___ DATA EXTRACTS

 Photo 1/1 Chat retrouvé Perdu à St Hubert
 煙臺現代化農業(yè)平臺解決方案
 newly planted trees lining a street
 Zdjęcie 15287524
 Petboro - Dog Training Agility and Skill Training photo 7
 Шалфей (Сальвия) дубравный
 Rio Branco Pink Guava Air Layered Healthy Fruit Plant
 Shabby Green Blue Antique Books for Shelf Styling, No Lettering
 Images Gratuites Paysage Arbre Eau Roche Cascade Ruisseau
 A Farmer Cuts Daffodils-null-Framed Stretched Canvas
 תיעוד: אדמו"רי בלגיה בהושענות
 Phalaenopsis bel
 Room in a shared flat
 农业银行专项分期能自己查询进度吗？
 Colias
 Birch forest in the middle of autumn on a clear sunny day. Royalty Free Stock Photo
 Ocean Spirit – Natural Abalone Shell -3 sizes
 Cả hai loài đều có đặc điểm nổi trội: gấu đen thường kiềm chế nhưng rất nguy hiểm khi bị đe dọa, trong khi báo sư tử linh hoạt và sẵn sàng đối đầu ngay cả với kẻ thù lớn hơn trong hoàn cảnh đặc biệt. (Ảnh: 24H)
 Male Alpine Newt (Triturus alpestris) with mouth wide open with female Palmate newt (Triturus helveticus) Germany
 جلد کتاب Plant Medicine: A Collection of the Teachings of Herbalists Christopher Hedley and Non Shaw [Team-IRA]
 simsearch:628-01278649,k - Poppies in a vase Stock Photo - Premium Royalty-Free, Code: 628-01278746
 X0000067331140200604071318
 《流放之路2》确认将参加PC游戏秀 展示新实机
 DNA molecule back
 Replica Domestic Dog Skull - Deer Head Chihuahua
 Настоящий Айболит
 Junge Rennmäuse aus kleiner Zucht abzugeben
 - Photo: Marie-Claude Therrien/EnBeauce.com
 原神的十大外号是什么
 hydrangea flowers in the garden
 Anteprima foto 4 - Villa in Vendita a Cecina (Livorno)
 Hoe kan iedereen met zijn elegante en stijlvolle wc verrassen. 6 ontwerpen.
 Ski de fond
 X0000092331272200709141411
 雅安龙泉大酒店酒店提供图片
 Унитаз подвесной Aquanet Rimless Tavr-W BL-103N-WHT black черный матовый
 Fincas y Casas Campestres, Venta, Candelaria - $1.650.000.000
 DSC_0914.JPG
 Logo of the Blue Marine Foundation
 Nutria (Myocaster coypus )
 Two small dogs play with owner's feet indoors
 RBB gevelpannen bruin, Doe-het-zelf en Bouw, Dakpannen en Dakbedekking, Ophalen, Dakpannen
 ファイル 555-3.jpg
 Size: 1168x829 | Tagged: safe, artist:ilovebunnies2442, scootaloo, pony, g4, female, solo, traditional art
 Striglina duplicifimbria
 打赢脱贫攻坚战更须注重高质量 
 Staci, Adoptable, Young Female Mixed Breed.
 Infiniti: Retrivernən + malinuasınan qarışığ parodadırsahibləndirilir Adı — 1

______

-- TASK DETAILS --
In the records above, return only the line that contains "Унитаз подвесной Aquanet" and every line after it through the last, exactly as they appear.

-- RESPONSE --
 Унитаз подвесной Aquanet Rimless Tavr-W BL-103N-WHT black черный матовый
 Fincas y Casas Campestres, Venta, Candelaria - $1.650.000.000
 DSC_0914.JPG
 Logo of the Blue Marine Foundation
 Nutria (Myocaster coypus )
 Two small dogs play with owner's feet indoors
 RBB gevelpannen bruin, Doe-het-zelf en Bouw, Dakpannen en Dakbedekking, Ophalen, Dakpannen
 ファイル 555-3.jpg
 Size: 1168x829 | Tagged: safe, artist:ilovebunnies2442, scootaloo, pony, g4, female, solo, traditional art
 Striglina duplicifimbria
 打赢脱贫攻坚战更须注重高质量 
 Staci, Adoptable, Young Female Mixed Breed.
 Infiniti: Retrivernən + malinuasınan qarışığ parodadırsahibləndirilir Adı — 1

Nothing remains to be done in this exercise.